Awareness: The Perils and Opportunities of Reality

By: Anthony De Mello

This month was tough. I read many great books and picking the best was difficult. This one almost made the cut.

It’s a book that will require you to be open and at the same time will help you to open up even more to new ideas and ways of thinking about life and many other topics.

It’s not for everyone. I have to admit that If I would’ve read this a few years ago I might’ve thought that it was a bunch of fluff. Lately, I’ve been more open thanks to reading similar books and listening to leaders I respect talk about awareness, meditation, consciousness, and similar topics.

If you’ve been on the path of mindfulness for a while, this might be the book that helps you get to the next level. Yet, it’s definitely not the book I’d recommend to get started down this path.

Flow: 5/5
Actionability: 5/5
Mindset: 5/5

Some of My Highlights:

“Let the words slip into your soul and listen, as Tony suggests, with your heart.”

“Though everything is a mess, all is well. Strange paradox, to be sure.”

“Even the best psychologist will tell you that, that people don’t really want to be cured. What they want is relief, a cure is painful.”

“That’s the reason the wise guru will not attempt to wake people up.”

“The fact is that you don’t like to say, ‘My judgment was lousy.’ That’s not very flattering to you, is it? So you prefer to say, ‘How could you have let me down?’

“What’s the earthly use of putting a man on the moon when we cannot live on the earth?”

“…because when you’re on the verge of going insane, raving mad, you’re about to become either a psychotic or a mystic. That’s what the mystic is, the opposite of the lunatic.”

“Every great idea starts out as a blasphemy.” – Bertrand Russell

“When you fight something, you’re tied to it forever”

“The only way to get out of this is to see through it. Don’t renounce it, see through it.”

“What we need to do is to help you understand, understand, understand.”

“But here has to be an attitude of openness, of willingness to discover something new.”

“I cannot describe the truth.

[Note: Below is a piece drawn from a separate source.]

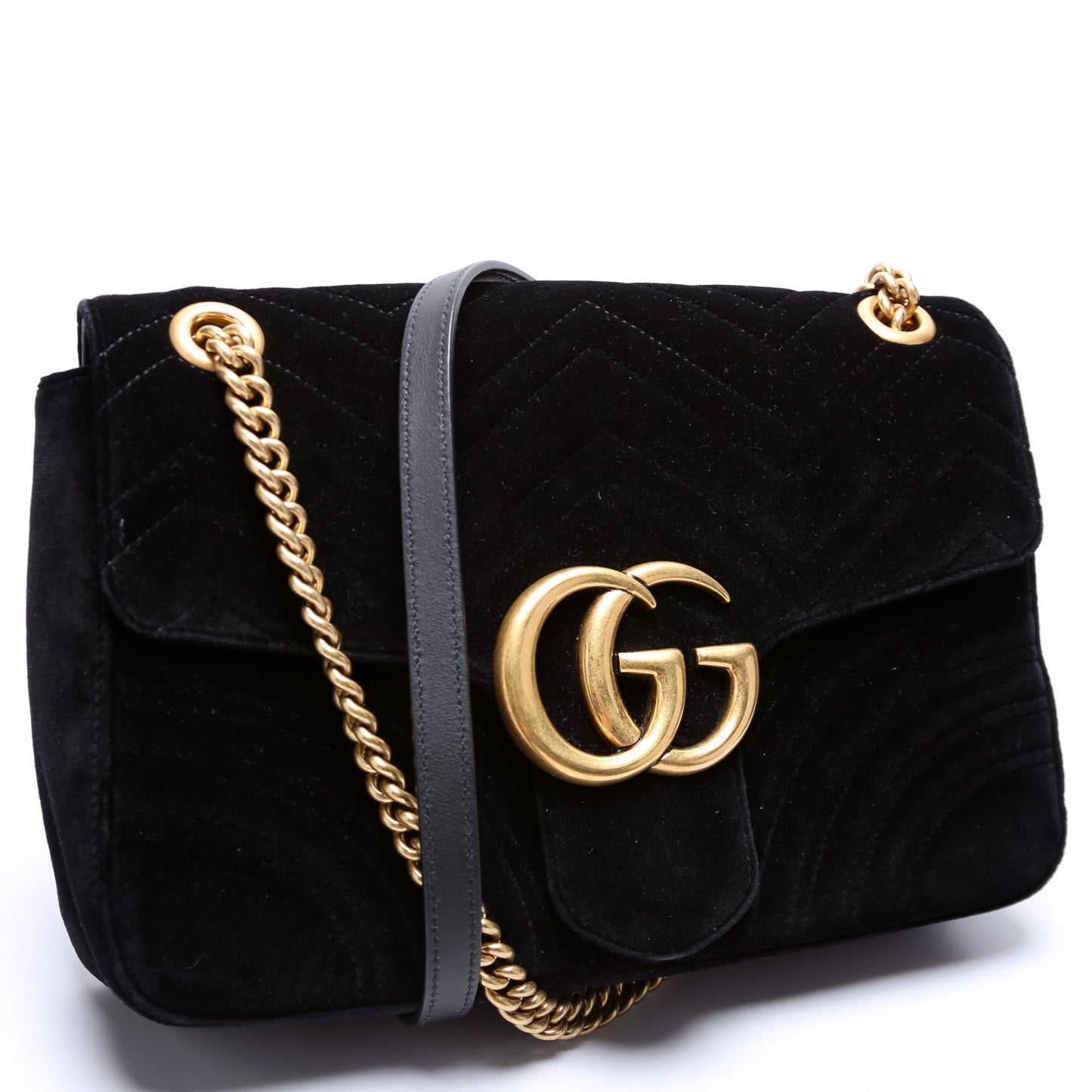 Gucci 443496 Marmont Velvet Shoulder Medium Bag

No one can. All I can do is give you a description of your falsehoods, so that you can drop them.”

“A willingness to unlearn, to listen.”

“Are you listening, as most people do, in order to confirm what you already think?”

“You are never so good as when you have no consciousness that you’re good. Or as the great Sufi would say, ‘A saint is one until he or she knows it.’ Unselfconscious! Unselfconscious!”

“That’s the worst kind of charity, when you’re doing something so you won’t get a bad feeling. You don’t have the guts to say you want to be left alone. You want people to think you’re a good priest!”

“Why weep for sins that you committed when you were asleep? Are you going to cry because o what you did in your hypnotized state?”

“The most difficult thing in the world is to listen, to see.”

“He was stupid, not evil. He didn’t stop to think.”

“You want freedom? Here it is: Drop your false ideas. See through people. If you see through yourself, you will see through everyone. Then you will love them.”